El ser humano se cree la más inteligente de las criaturas, sin embargo si prestamos atención, comprobamos que ninguna de las especies destruye el lugar donde habita, y que existe un equilibrio natural que el hombre ignora estimar.
La destrucción avanza a un ritmo asustador. El agua, el líquido imprescindible para la vida es un bien cada vez más escaso. Los ríos contaminados por metales pesados, a causa de la minería, se mueren y con ellos la vida en torno a ellos.

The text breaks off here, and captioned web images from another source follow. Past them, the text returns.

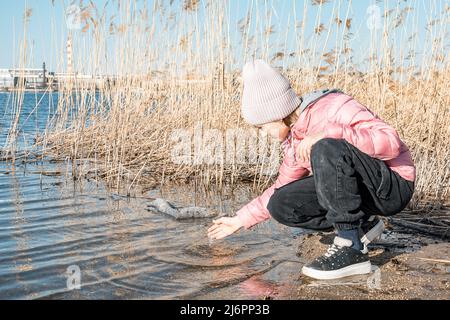 Ragazza affascinante in abiti caldi gioca sulla riva del lago. Giorno fresco e soleggiato. Cielo blu e sfondo di canne secche. Attività all'aperto Foto Stock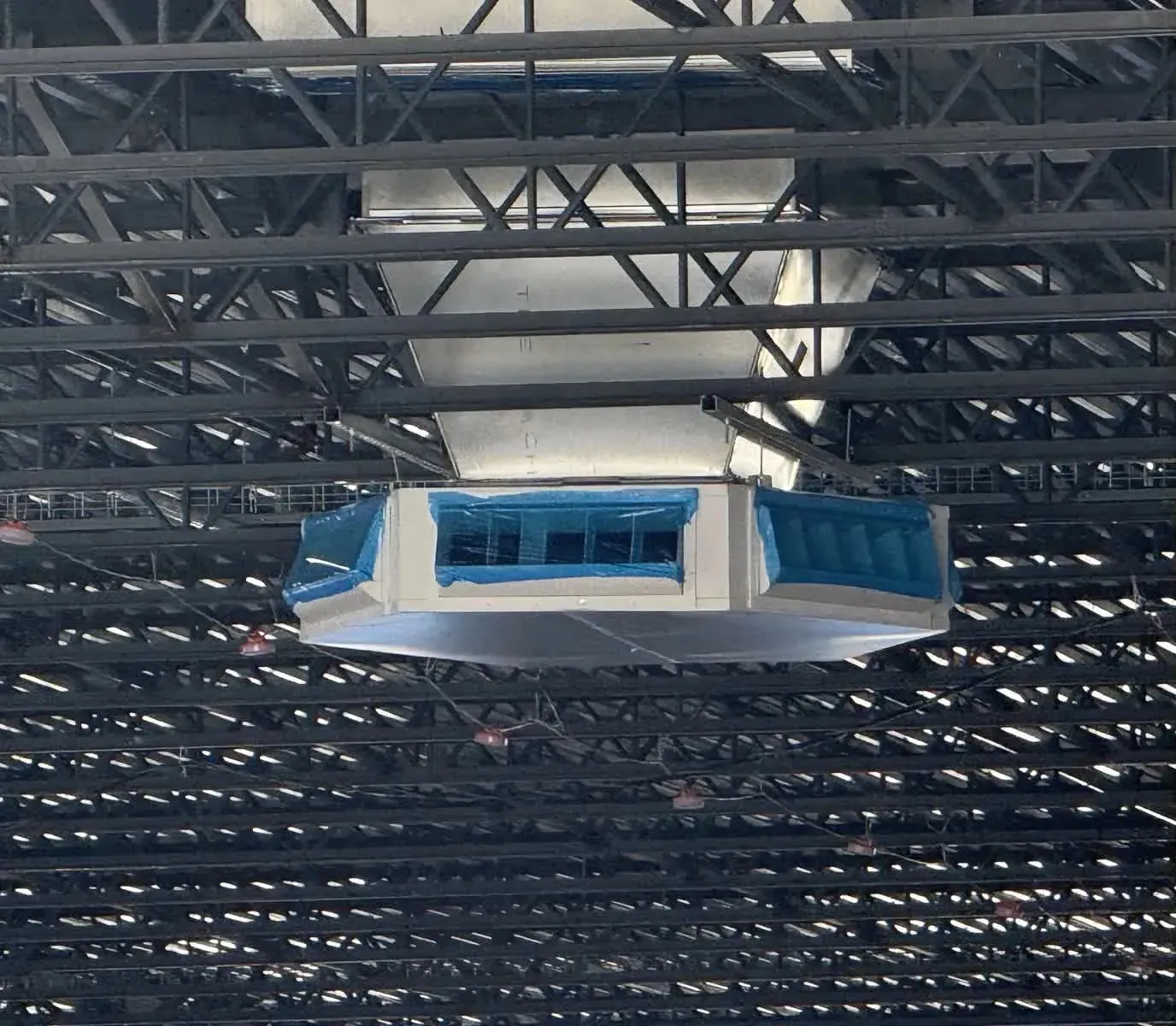 Air handling unit suspended in the structural steel of a distribution facility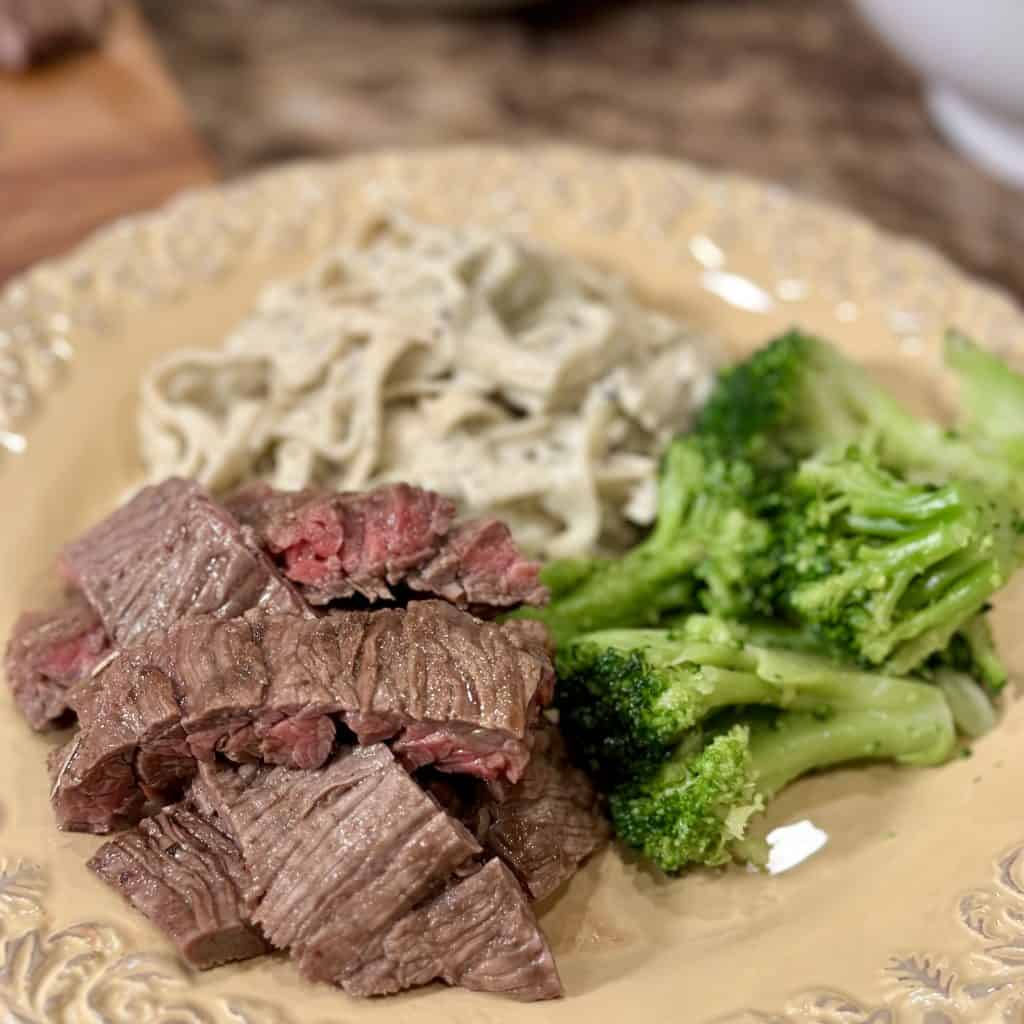 Plated marinated, sliced flank steak, served with noodles and steamed broccoli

La ambición desmedida del ser humano nos perjudica a todos. Y hablar de todos es hablar de aquellos que no tienen voz humana, que no pueden pedir auxilio y protestar cuando algo anda mal. Ellos son capaces de aullar, ladrar, croar, relinchar, carraquear, chillar, parlotear, garrir, rugir, rebuznar, zumbar, ulular, bramar, graznar, gorgorear, chirriar, cascabelear, bufar, barritar, piar… pero no tienen la capacidad de gritar y pedir auxilio con palabras humanas lo que quieren expresar.
La extinción de las especies es cuestión de tiempo si es que el ser humano no se detiene para recapacitar y revertir la situación. De esa actitud dependerá nuestro futuro.